Hypnosis is often used to modify a person's behaviour or habits, for example to enable them to stop smoking, lose weight, become more confident over a debilitating phobia or simply to just relax and try and lower stress levels.
HYPNOSIS - noun (Oxford English Dictionary)
* The induction of a state of consciousness in which a person apparently loses the power of voluntary action and is highly responsive to suggestion or direction. Its use in therapy, typically to recover suppressed memories or to allow modification of behaviour, has been revived but is still controversial.
* A hypnotic state
The word 'Hypnotism' comes from the Greek word 'Hypnos' (derived from the mythological God) and means to sleep. (Mythagora.com)
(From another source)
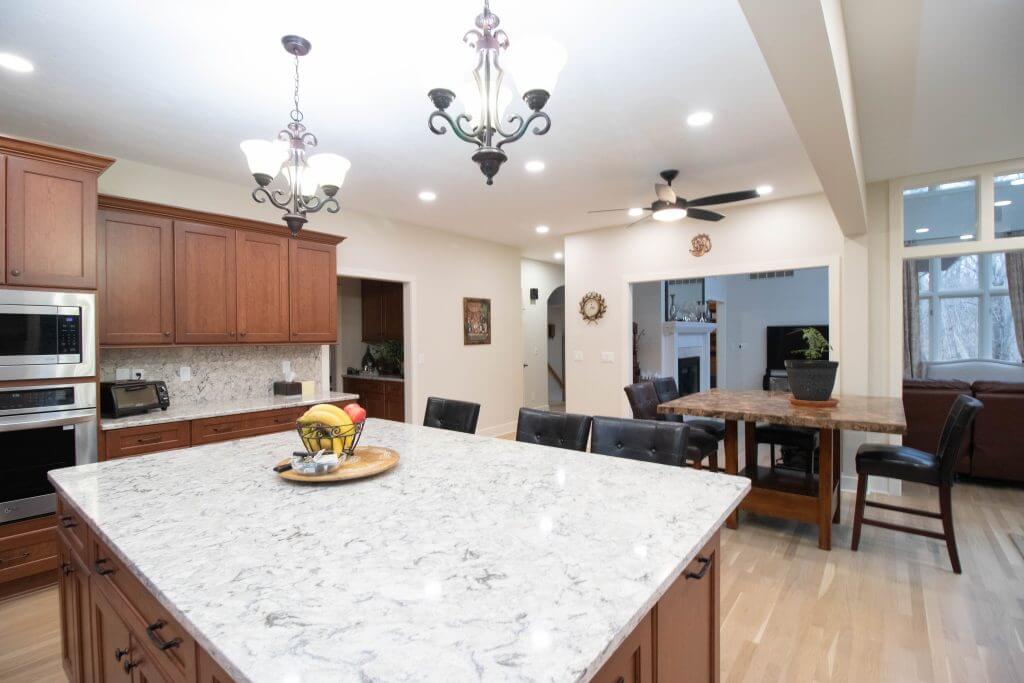 modern kitchen island centerpiece in remodel by Odd Fellows Contracting in Okemos, MI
No-one actually knows when hypnosis originated but there is evidence to suggest that the ancient Egyptians used a form of it in their sleep temples going back around 3000 years. Hypnosis is recognised and performed in many different cultures and religions around the world. In Greece, sleep temples were renowned as places of great healing and were dedicated to the healing God Æsclepius. Sleep therapy was practised in the temples of Æsculapius, constructed by the Greeks in the fifth and fourth centuries BC (www.mindtec.co.uk/hyp-art/roots.html). The temples were well known for their healing properties. People often took their sick to be cured by hypnotic suggestion, although we now know that hypnosis is different from sleep.